• DATA PROVIDED:
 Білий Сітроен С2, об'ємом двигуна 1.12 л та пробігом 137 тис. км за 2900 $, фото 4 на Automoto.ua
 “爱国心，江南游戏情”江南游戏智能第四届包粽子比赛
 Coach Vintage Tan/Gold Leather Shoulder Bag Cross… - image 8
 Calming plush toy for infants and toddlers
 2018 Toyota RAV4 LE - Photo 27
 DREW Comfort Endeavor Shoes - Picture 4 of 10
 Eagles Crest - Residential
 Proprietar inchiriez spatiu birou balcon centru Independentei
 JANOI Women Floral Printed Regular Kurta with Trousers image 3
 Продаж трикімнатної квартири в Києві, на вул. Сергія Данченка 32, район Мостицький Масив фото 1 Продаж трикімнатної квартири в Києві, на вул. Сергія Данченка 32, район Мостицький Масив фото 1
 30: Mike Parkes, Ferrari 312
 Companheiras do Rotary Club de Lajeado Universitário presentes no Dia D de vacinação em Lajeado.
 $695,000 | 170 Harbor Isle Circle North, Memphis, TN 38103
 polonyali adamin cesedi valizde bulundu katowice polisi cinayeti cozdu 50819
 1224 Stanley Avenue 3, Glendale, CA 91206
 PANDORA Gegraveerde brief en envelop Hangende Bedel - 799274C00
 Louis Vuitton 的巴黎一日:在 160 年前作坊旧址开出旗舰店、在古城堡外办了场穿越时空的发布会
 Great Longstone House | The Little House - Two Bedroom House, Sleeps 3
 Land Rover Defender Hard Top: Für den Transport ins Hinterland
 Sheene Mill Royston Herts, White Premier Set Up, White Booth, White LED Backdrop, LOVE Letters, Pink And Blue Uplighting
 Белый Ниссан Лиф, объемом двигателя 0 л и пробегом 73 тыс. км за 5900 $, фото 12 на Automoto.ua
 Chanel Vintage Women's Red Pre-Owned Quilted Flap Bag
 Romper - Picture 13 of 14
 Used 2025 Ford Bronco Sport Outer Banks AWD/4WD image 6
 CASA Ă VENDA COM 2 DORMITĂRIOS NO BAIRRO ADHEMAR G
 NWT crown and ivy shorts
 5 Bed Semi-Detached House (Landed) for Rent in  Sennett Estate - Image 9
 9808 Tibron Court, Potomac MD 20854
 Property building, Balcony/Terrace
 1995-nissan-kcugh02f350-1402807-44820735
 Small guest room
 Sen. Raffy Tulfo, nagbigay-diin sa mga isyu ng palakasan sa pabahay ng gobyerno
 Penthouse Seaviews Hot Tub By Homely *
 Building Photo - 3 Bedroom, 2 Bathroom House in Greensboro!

• WORK ITEM: In the listing above, locate the line containing "Coach Vintage Tan/Gold" and the line containing "JANOI Women Floral", then transcribe both and every line between them verbatim.

• RESULT:
 Coach Vintage Tan/Gold Leather Shoulder Bag Cross… - image 8
 Calming plush toy for infants and toddlers
 2018 Toyota RAV4 LE - Photo 27
 DREW Comfort Endeavor Shoes - Picture 4 of 10
 Eagles Crest - Residential
 Proprietar inchiriez spatiu birou balcon centru Independentei
 JANOI Women Floral Printed Regular Kurta with Trousers image 3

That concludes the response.